CGX does not have anywhere close to enough money for all this. It had already been looking into financings for the next steps at Corentyne, let alone two other blocks. All it could say today was that it will "seek further dialogue" with the government ("dialogue" presumably being how its PR crew spells pleading for mercy).
Here in Canada, it was another busy day for year-end financials. Oil sands giant Canadian Natural Resources Ltd. (CNQ) edged down 33 cents to $72.49 on 12.2 million shares, after reporting a $2.5-billion profit for the fourth quarter and hiking its dividend yet again. Investors hardly seemed surprised. After reaching a COVID-induced low of just $9.80 during early 2020, the stock has more than shaken off the downturn, septupling to over $72 and raising its dividend four times. Its new quarterly payout of 75 cents represents a yield of 4.1 per cent. Despite strong demand for oil in an ever-tightening market, the company made no move today to update the guidance that it laid out in January. President Tim McKay said during a conference call this morning that the existing guidance is "very strong" and the company plans to "stay the course."
Today's conference call was also the last to be hosted by Corey Bieber, a long-time executive at Canadian Natural. He has been with the company for 21 years. In 2019, he stepped down as chief financial officer and senior vice-president of finance -- turning those roles over to Mark Stainthorpe -- and became an executive adviser. Management announced during today's conference call that the 58-year-old Mr. Bieber will officially retire in April.
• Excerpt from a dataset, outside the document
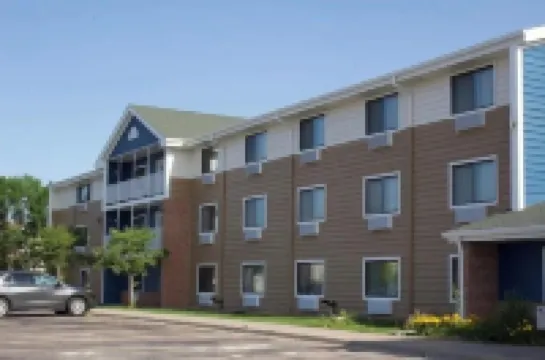 AmericInn by Wyndham Kearney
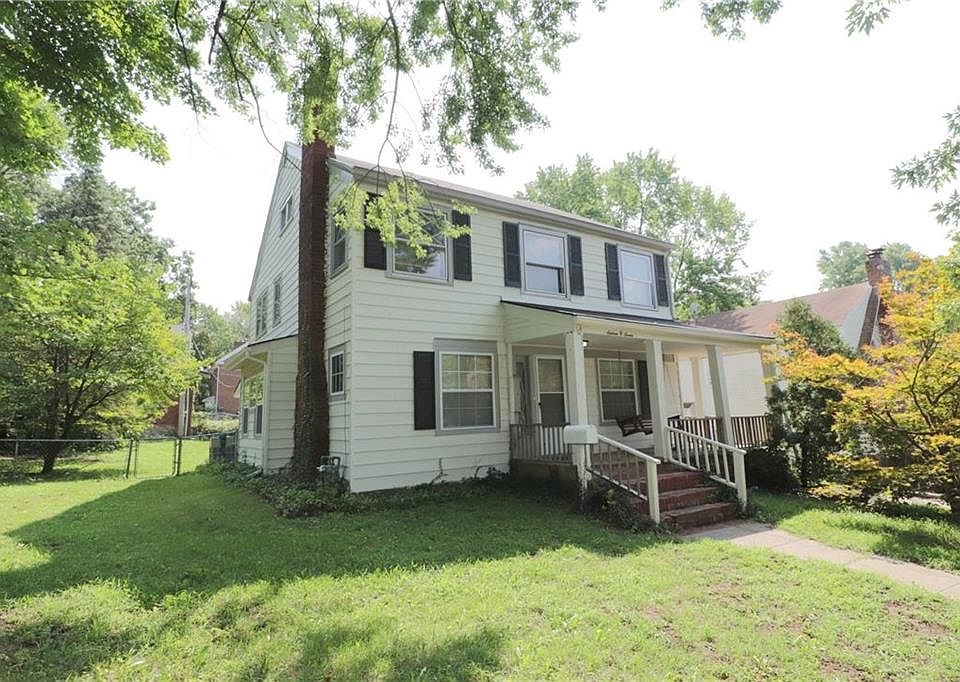 1st image of 1607 S Evanston Ave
Canada's largest gas producer, Mike Rose's Tourmaline Oil Corp. (TOU), lost $1.59 to $49.58 on 3.11 million shares. It too released its year-end financials. While Canadian Natural's financials were in line with or slightly better than analysts' forecasts, Tourmaline fell a bit short of them on cash flow (reflecting rising operating costs and royalties). Tourmaline also did not announce a sizable dividend boost. (Its current 20-cent quarterly dividend represents a yield of 1.6 per cent, which some investors would no doubt like to see head higher.) Tourmaline did, however, turn a sizable profit of $996-million in the fourth quarter, and it boasted that its gas reserves are now the largest in all of Canada. Today's drop in the stock aside, Tourmaline has been another stout performer since the downturn, rising to nearly $50 from a 2020 low of $6.73.
Back in the oil sands, Athabasca Oil Corp. (ATH) lost 10 cents to $1.99 on 17.9 million shares. It already released preliminary year-end financials last month, so today's official version brought few surprises. They were accompanied by a new year-end reserve report pegging Athabasca's total proved and probable reserves at 1.3 billion barrels as of Dec. 31. At current production rates, this gives the company a reserve life index (a measure of how long it would take to deplete the reserves) of over a century, marvelled Athabasca.
Investors were more interested in the numbers on the balance sheet. Athabasca was carrying over $440-million in long-term debt as of Dec. 31, 2021. This was a bigger concern when most of the debt was going to mature in early 2022 (last month, in fact) but in late 2021, Athabasca restructured its debt and pushed the maturity out to 2026. Today it reiterated its goal of getting into a near-term net cash position. "Transitioning the enterprise value to equity holders" -- in other words, not being buried in net debt -- "is expected to unlock significant shareholder value," declared CEO Rob Broen and CFO Matt Taylor. They both dropped hints that Athabasca will unveil a "return-of-capital strategy," including potential dividends and share buybacks, in the second half of the year.